§ Work to complete
Word for word, please copy the line containing "Photo of property" and all lines after it in the entries below, and only those, leaving every picture out.
------ Information
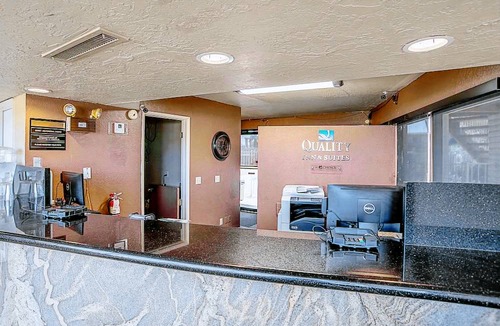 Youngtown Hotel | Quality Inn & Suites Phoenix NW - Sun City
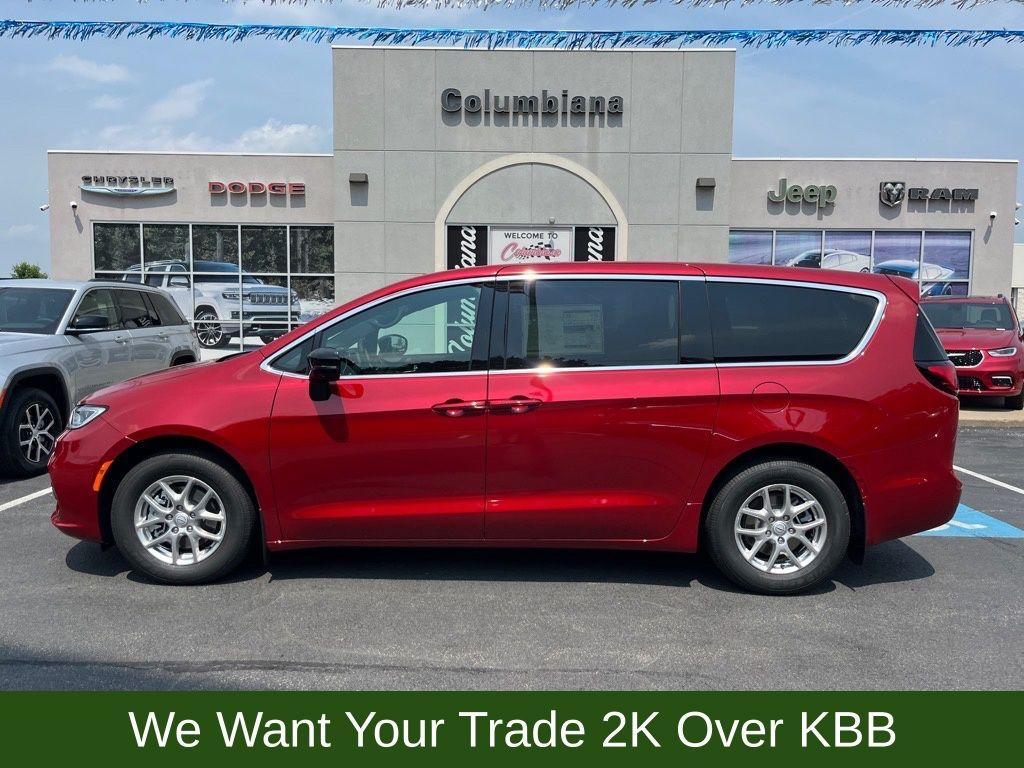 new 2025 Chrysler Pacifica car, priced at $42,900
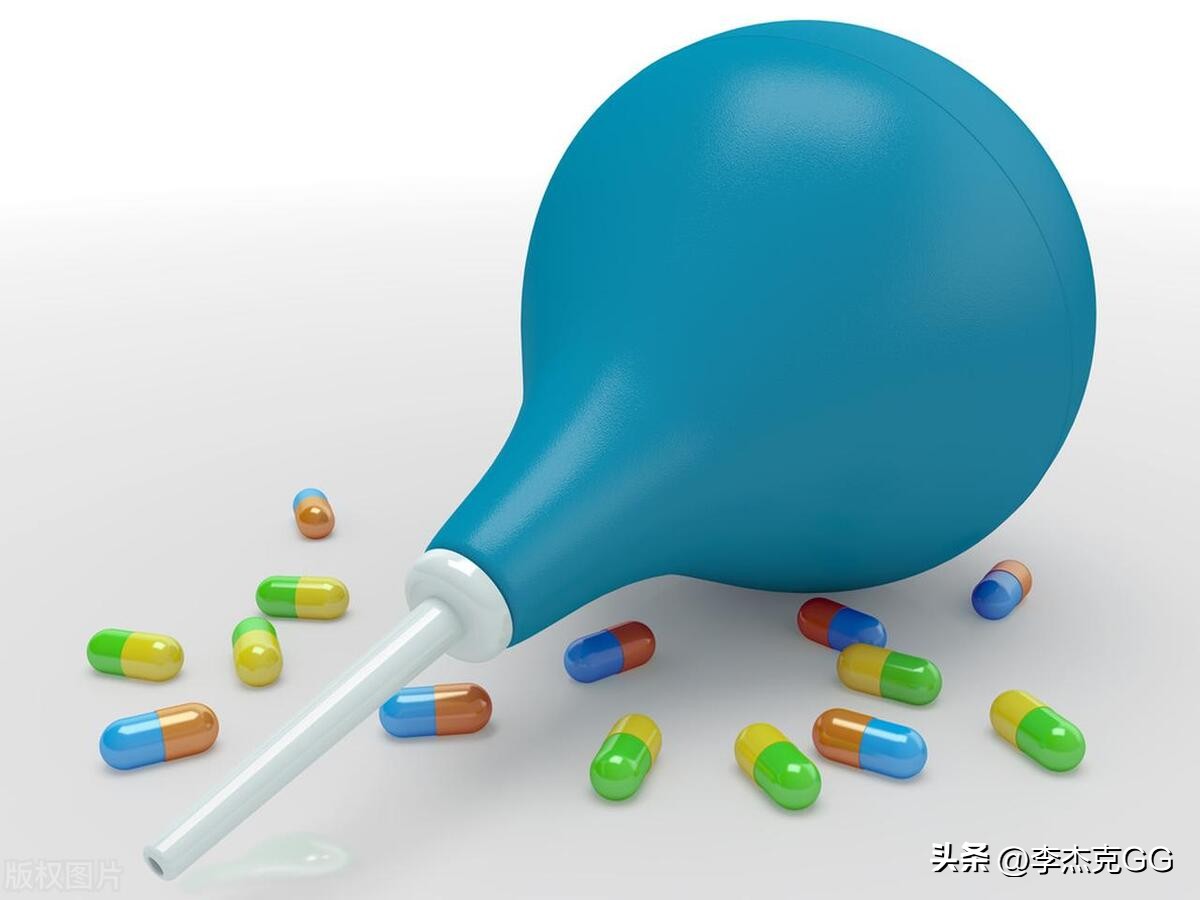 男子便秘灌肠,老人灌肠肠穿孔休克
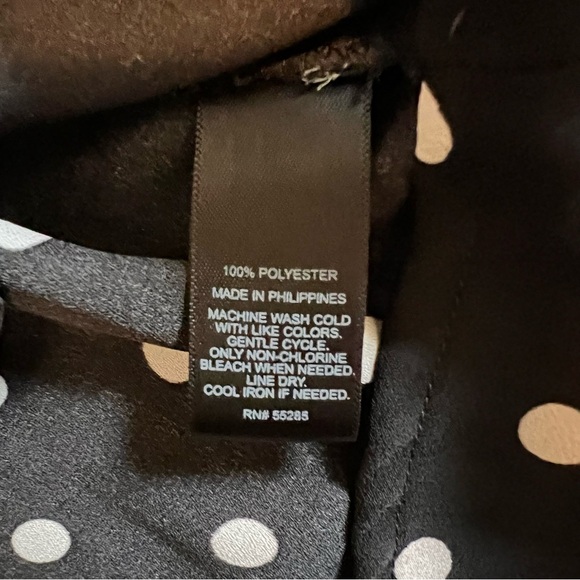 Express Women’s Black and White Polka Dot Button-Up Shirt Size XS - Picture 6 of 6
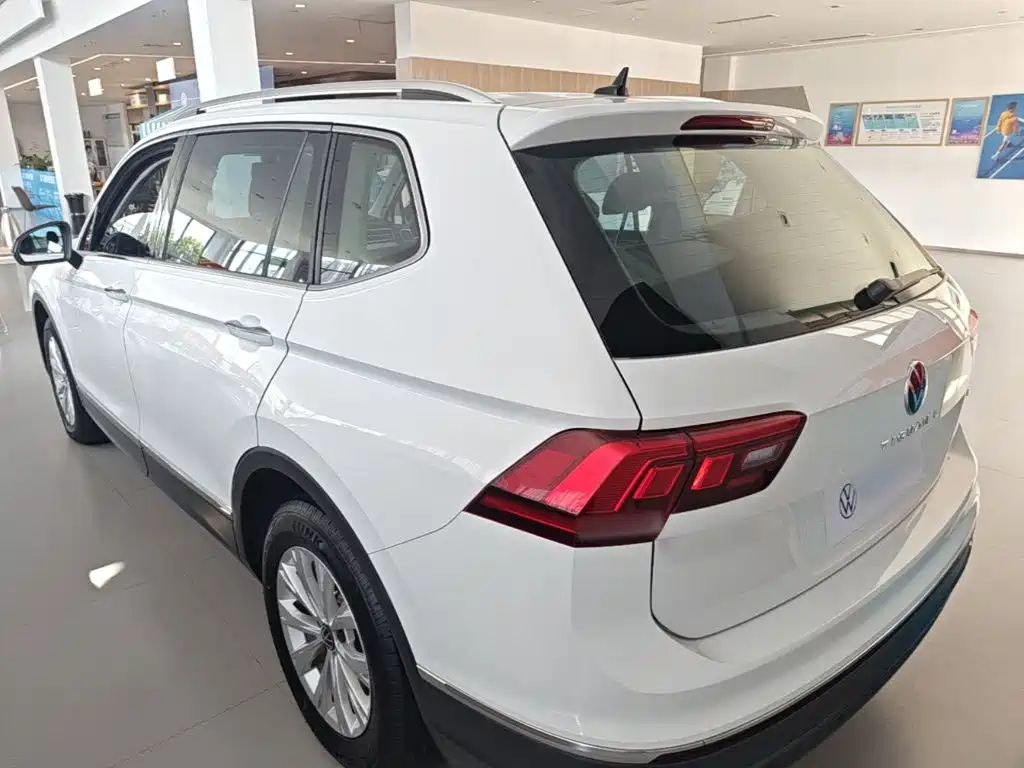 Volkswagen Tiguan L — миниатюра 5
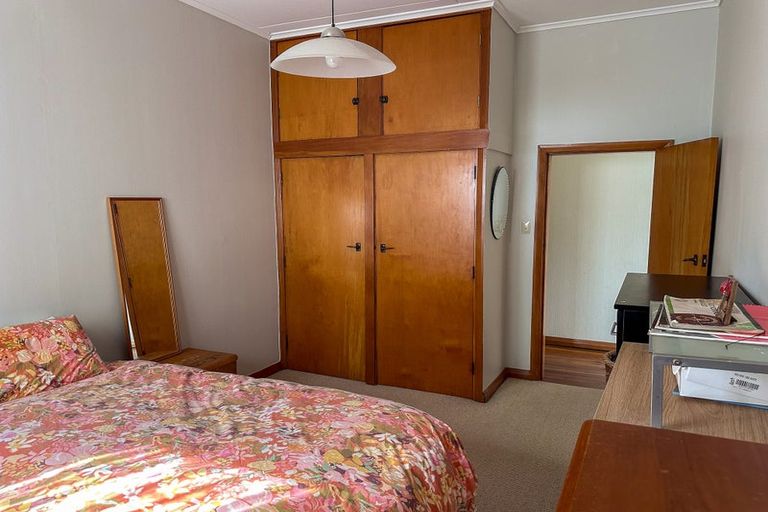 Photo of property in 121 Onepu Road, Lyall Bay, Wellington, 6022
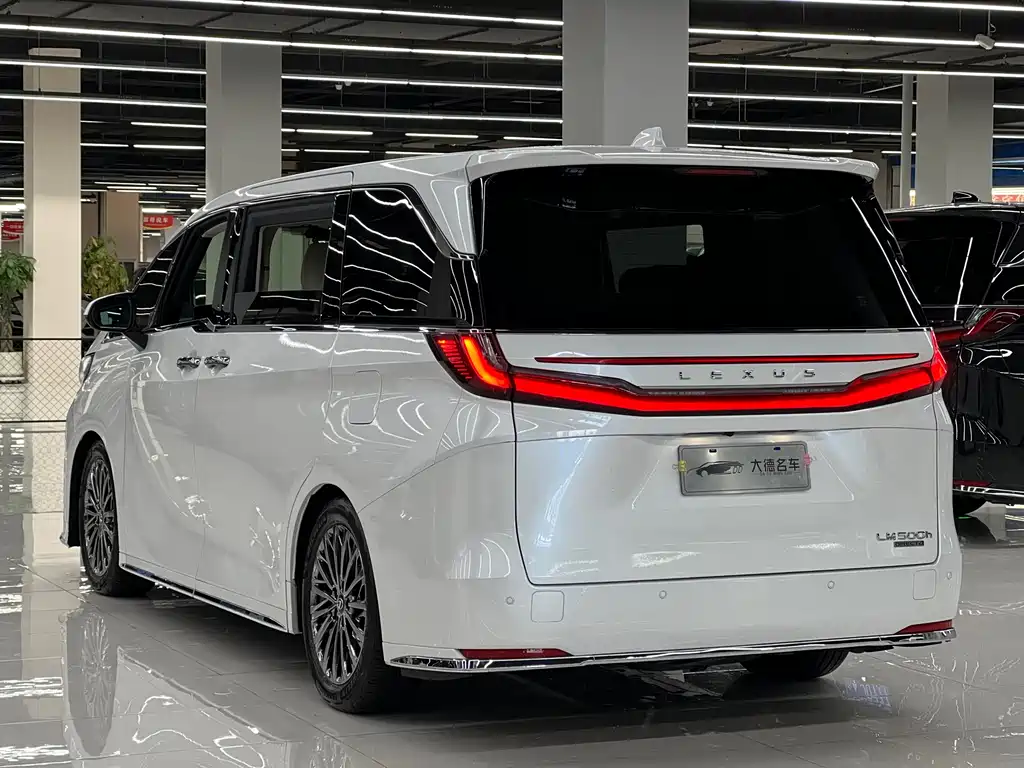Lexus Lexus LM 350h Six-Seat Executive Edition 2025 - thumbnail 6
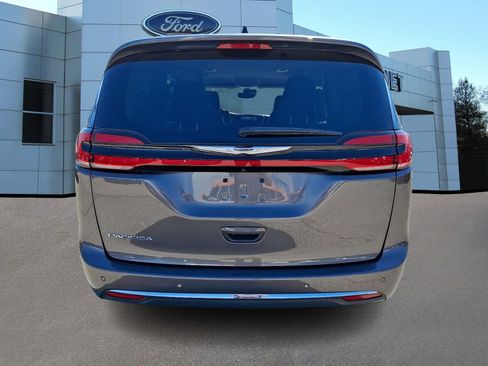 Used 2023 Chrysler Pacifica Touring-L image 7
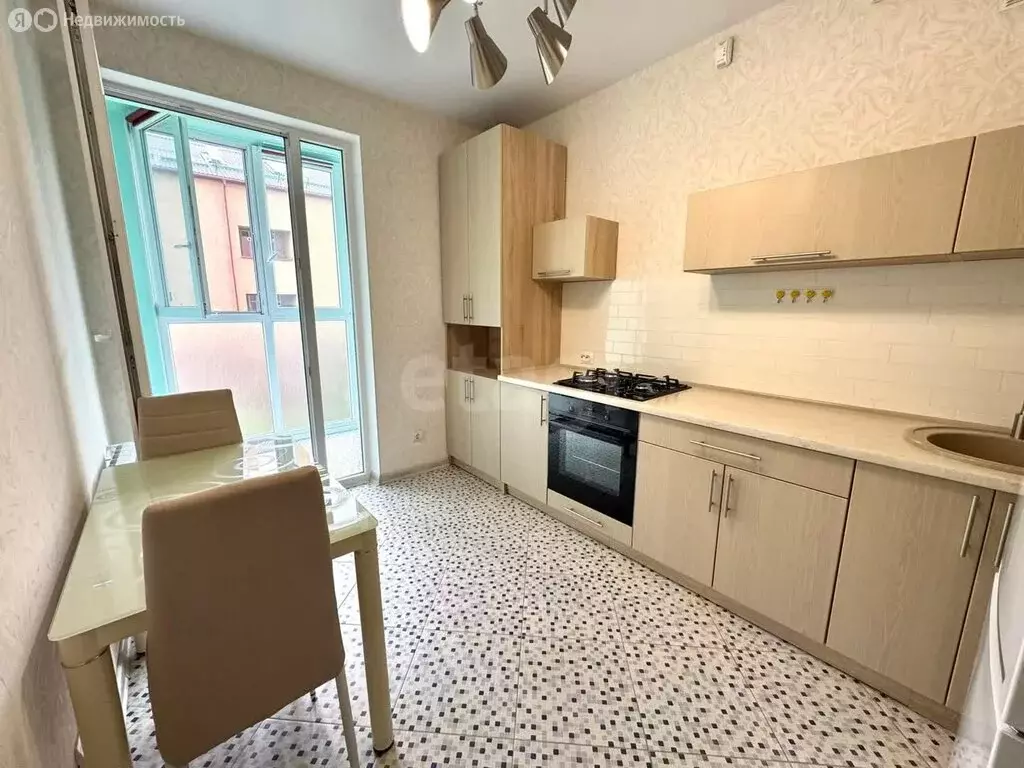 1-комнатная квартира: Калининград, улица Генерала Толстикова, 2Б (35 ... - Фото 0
------------
§ Your solution
 Photo of property in 121 Onepu Road, Lyall Bay, Wellington, 6022
Lexus Lexus LM 350h Six-Seat Executive Edition 2025 - thumbnail 6
 Used 2023 Chrysler Pacifica Touring-L image 7
 1-комнатная квартира: Калининград, улица Генерала Толстикова, 2Б (35 ... - Фото 0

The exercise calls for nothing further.